Why Bother Dying Eggs?
I mean isn’t it just a big stupid hassle??
As you may have read before, I’ve struggled with Easter in the past, making it feel relevant. For most of my adult life I just ignored it. Once I had kids I kinda had to think a little more deeply about it – so I could explain why I don’t care and not hiding chocolate eggs for them to hunt. Over the last few years, though I’ve gone a little deeper in understanding Spring and its equinox.
The Summer and Winter Solstices are the more dramatic of seasons . . .
the ones that call out most strongly for recognition. However, the measured equanimity of the middle seasons, Spring and Fall, are full of opportunity too.
A few years ago, my handler, Josie Fae, introduced me to this little audio-zine that exists in a small recessed corner of the internet. It’s called The Witch’s Child and it helped me unlock a deep and profound understanding of my European lineage’s connection to Spring.
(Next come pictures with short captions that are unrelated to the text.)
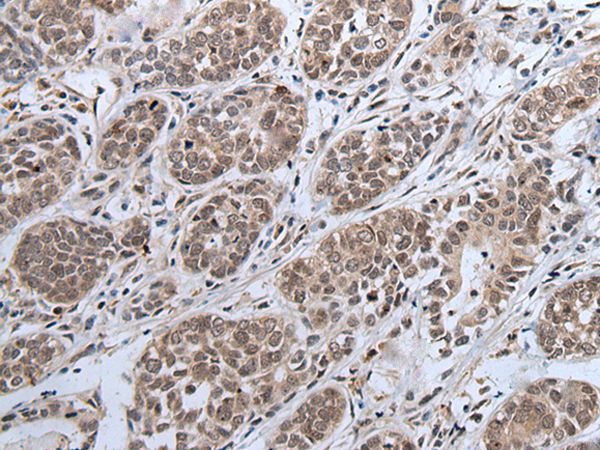 IWS1 Antibody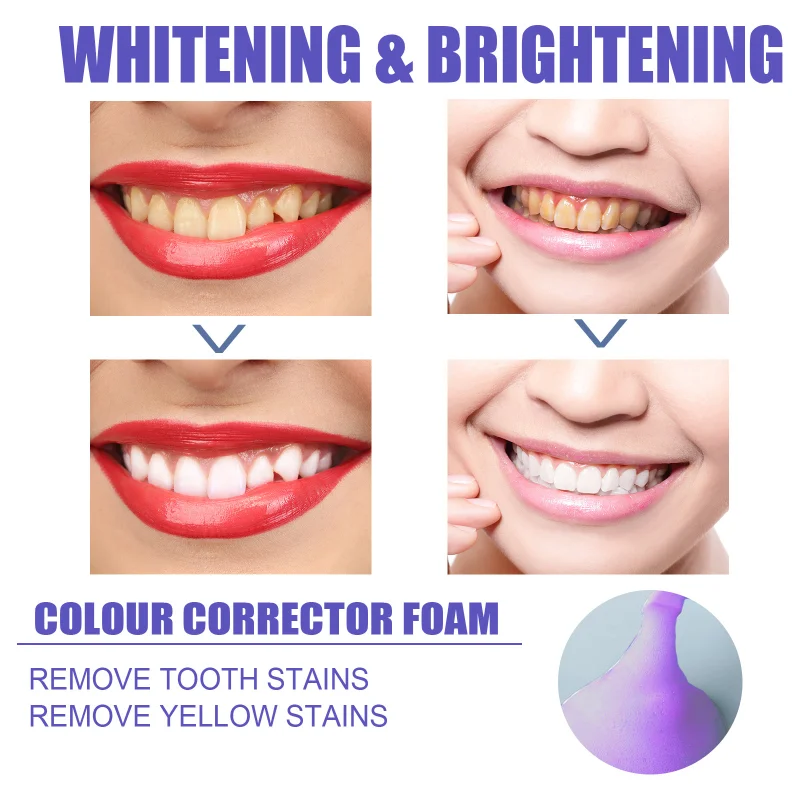 V34 Dental Care Products Purple Safe Teeth Whitening Toothpaste Teeth Cleaning Remove Yellow Stains Fresh Breath Toothpaste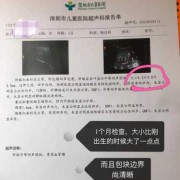 胎儿有瘤（产科医生婴儿肿瘤第几集）
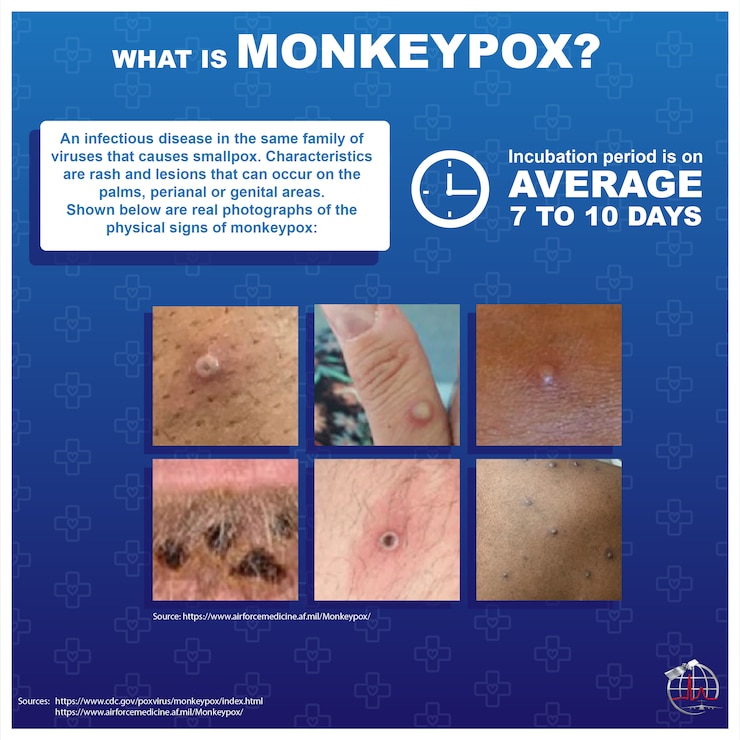 Monkeypox: What Is It, Causes, and More
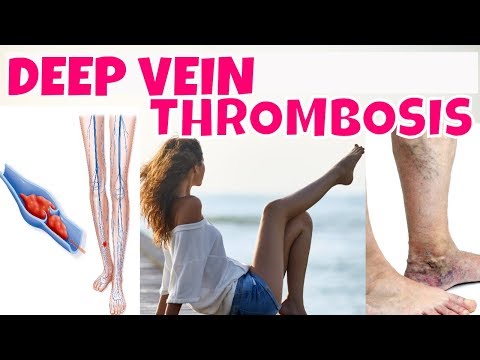 Video: Deep Vein Thrombosis (DVT) Risicofactoren En Tips Voor Preventie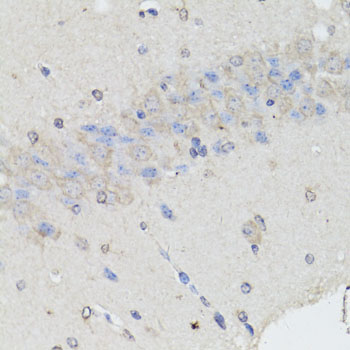 Immunohistochemistry - CHGA Polyclonal Antibody 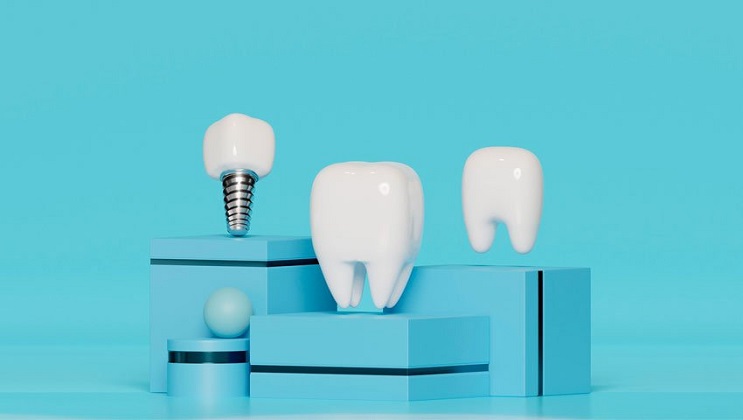 آشنایی با انواع ایمپلنت دندان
In contemplating it again this year (as we listen to it while painting our easter eggs), Hettie chimed in with the perfect quote:
“… Spring has to be welcomed, or it never comes. For the spectator, Winter never ends. Spring is an insurrection. A hammer that cracks the walls of seed pods, a bud that breaks the sheets of ice. An erotic meeting that shatters the contemplation of Winter and upsets all the old orders by the untamed collision and growth of bodies.”
How do we welcome Spring?
May Day is a month away. Come summer, we will be making salves, tinctures, rose water etc. What do we need to do to wrap up / prepare? It may be different for everyone. Here are a few things we need to do around here: make candles and soap, spring clean, planting protected seeds . . . These are all material things. I wonder:
How do we prepare our spirits?
How do we prepare our spirits for the work of Spring? Hettie told me once that Spring is the season of birth and death as they are contained in union and the hope of fertility. What if decorating eggs were a short cut to the proper psychic welcoming of Spring, a welcoming that is just as important as all the material stuff. Hettie pulls these out:
“Often the hands will solve a mystery that the intellect has struggled with in vain.” – Carl Jung
“The practice of decorating eggshells as part of spring rituals is ancient, with decorated, engraved ostrich eggs found in Africa which are 60,000 years old. In the pre-dynastic period of Egypt and the early cultures of Mesopotamia and Crete, eggs were associated with death and rebirth…” ~ Wikipedia
“Eggs may be buried near the doorway of a house to protect the health of the people there, or buried by the barn or stable door to protect animals.”
“The most elaborate designs are found in Eastern Europe, where women are traditionally the artists responsible for decorating eggs.” ~
Perhaps, through decorating eggs, our hands can show us something for, and in, us that we can’t figure out only with our minds. If Spring is also an inner “insurrection. A hammer that cracks the walls of seed pods, a bud that breaks the sheets of ice”, recall your deepest beseeching from the darkness of Winter, and listen to your hands as they paint, etch, dye, pattern and bury. They might just solve the problem of melting, of opening, of uniting after long introspective and contractive months of Winter.